BECU v. Burns: Banks Can Sue First, Foreclose Later.

Does entry of a judgment on a promissory note extinguish the lien of a security interest in real property that secures that note?  No, says Division 1 of the Washington Court of Appeals.

In BECU v. Burns, Boeing Employees’ Credit Union won judgment on a second position promissory note.  When the first position lender foreclosed, there were surplus funds available after the trustee’s sale.  The Superior Court said those funds belonged to the Burns.  BECU appealed.

The issue in Burns was whether BECU received the surplus funds as a second position lienholder, or whether the homestead exemption allowed Burns to take the homestead amount, $125,000, ahead of BECU.  In other words, by opting to sue on the note, and get judgment, did BECU give up its status as a consensual lienholder (who would be superior to the owner’s homestead exemption), and become an ordinary judgment lienholder (who is inferior to the homestead exemption)?  No, says the Court of Appeals.

Burns also answers a different question, that TEP thinks is far more important.  The question is this:  May I obtain judgment on a promissory note, levy upon other non-secured assets (to satisfy the judgment), and then later foreclose on the deed of trust, nonjudicially?  The answer is Yes!

In American Federal Savings & Loan v.
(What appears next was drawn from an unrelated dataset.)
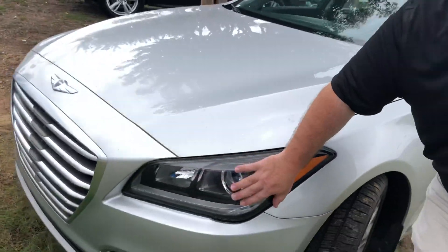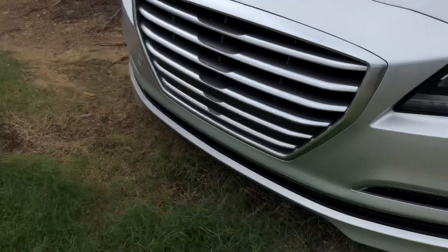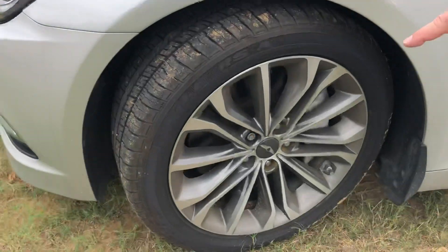It has 50,000 miles on it, but let's take a look at it. We have wraparound headlights with fog lights, the nitrogen tires, the alloy rims, and an anti-theft lock. But let's look inside.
McCaffrey,  107 Wn.2d 181, 728 P.2d 155 (1986), the Washington Supreme Court said:

“In transactions involving both notes and mortgages, the notes represent the debts, the mortgages security for payment of the debts. Either may be the basis of an action. The mortgagee may sue and obtain a judgment upon the notes and enforce it by levy upon any property of the debtor. If the judgment is not satisfied in this manner, the mortgagee still can foreclose on the mortgaged property to collect the balance.” (Emphasis added.)

Absent in the McCaffrey opinion is any explanation as to whether the “still can foreclose” language is limited to judicial foreclosures (a judgment holder can always judicially foreclose on his lien) or whether one can later nonjudicially foreclose on the mortgage lien.

Burns answers that question, albeit in dicta.  According to the Burns case, a noteholder can sue, win judgment, levy on other assets, and then nonjudicially foreclose on the collateral.

It will be interesting to see how many banks take this route – sue first, foreclose later.  If they do, we may see a lot of borrowers who can afford their mortgage thinking twice about simply letting the property go to foreclosure.

Tax Foreclosures: Creditors Can Claim Surplus Tax Sale Proceeds, But it’s Tricky

King CountyCreditors read this:  Next week King County will be foreclosing hundreds of real property parcels, all at once.  The case is captioned In re Foreclosure of Real Property Tax Liens for Taxes Owed 2008 – 2011, King County Superior Court, Cause No. 11-2-19469-8 SEA.  Many of these parcels will sell for more than the tax owed, meaning there will be surplus funds.  There is opportunity here for judgment creditors to claim the surplus.  In doing so, don’t make the mistake that your lien automatically attaches to the surplus funds.  While this may be the case with nonjudicial foreclosures under RCW 61.24.080, where liens eliminated by the foreclosure attach to the surplus proceeds in the same order they once attached to the real property, IT IS NOT the case under the real property tax foreclosure statute, RCW 84.64.080.  This statute provides that the real property owner receives the surplus funds, and there is no provision for other lienholders.  See RCW 84.64.080 (stating, “the excess shall be refunded …, on application therefor, to the record owner of the property”).    A judgment creditor, regardless of how junior his judgment lien is, can get paid, and can even jump ahead of senior judgment lienors simply by being the first in time to serve a writ of garnishment on the County.  Timing is key.  The creditor must serve the writ after the tax sale (so the County will answer the writ stating that surplus funds exist, if any, and are owed to the property owner), but before the funds are paid to the debtor/real property owner, and of course, before a competing creditor serves his writ of garnishment on the County.